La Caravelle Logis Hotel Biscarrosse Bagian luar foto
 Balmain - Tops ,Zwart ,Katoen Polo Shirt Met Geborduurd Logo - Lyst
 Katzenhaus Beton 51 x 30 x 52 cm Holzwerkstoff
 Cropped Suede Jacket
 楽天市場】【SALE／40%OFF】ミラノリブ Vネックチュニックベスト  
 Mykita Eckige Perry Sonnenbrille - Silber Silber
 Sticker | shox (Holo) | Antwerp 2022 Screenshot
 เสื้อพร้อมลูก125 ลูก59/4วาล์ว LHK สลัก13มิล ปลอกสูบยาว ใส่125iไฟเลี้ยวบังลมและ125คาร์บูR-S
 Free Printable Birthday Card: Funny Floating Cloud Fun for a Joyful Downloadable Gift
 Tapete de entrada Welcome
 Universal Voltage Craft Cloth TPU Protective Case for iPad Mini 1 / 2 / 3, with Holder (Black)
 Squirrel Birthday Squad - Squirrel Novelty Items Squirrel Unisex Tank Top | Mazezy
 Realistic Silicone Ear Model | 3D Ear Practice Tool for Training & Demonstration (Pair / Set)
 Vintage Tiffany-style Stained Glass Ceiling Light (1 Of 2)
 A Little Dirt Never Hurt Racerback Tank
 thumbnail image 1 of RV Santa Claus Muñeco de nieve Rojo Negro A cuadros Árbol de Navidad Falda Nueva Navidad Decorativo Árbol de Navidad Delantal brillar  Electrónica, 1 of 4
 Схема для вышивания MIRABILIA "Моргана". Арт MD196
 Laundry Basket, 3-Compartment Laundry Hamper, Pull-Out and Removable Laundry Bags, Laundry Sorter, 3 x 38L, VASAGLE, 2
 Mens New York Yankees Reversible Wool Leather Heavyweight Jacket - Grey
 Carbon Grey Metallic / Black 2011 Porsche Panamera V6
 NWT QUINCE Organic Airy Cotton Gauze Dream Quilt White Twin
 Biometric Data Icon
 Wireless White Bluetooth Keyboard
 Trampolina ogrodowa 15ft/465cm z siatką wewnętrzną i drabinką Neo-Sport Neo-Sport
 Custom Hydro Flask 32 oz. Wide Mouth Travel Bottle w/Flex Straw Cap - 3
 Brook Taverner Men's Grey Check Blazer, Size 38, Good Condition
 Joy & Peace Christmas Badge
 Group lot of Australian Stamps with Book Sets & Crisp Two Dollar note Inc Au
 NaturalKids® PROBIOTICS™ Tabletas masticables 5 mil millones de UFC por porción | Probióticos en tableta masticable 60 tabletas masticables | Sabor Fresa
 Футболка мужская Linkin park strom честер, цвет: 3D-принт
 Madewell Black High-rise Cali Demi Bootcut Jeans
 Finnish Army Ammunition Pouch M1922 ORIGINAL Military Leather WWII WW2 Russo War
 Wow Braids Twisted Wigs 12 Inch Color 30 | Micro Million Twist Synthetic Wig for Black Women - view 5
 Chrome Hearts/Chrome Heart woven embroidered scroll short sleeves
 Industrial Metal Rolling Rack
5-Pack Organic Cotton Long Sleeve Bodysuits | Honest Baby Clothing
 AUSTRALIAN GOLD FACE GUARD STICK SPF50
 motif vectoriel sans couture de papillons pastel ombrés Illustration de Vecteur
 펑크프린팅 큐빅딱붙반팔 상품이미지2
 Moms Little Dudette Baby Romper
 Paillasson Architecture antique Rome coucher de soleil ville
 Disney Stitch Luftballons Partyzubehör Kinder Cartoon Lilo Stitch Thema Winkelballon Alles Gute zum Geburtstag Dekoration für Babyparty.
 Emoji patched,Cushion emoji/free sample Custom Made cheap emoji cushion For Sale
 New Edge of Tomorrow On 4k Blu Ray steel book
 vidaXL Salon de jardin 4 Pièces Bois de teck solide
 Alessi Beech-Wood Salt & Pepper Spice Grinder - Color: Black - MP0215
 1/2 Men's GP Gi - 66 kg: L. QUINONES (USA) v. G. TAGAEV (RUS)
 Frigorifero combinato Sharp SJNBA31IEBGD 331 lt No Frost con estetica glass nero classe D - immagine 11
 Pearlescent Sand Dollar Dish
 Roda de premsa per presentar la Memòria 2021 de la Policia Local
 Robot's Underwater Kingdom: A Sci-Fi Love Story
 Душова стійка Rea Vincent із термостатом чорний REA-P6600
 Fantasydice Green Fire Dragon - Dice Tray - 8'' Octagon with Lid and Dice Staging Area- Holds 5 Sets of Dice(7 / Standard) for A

--------

* ACTIVITY *
For the listing above, print only the lines starting at the line containing "Custom Hydro Flask" and ending at the line containing "Group lot of", exactly, both included.

* FINISHED TASK *
 Custom Hydro Flask 32 oz. Wide Mouth Travel Bottle w/Flex Straw Cap - 3
 Brook Taverner Men's Grey Check Blazer, Size 38, Good Condition
 Joy & Peace Christmas Badge
 Group lot of Australian Stamps with Book Sets & Crisp Two Dollar note Inc Au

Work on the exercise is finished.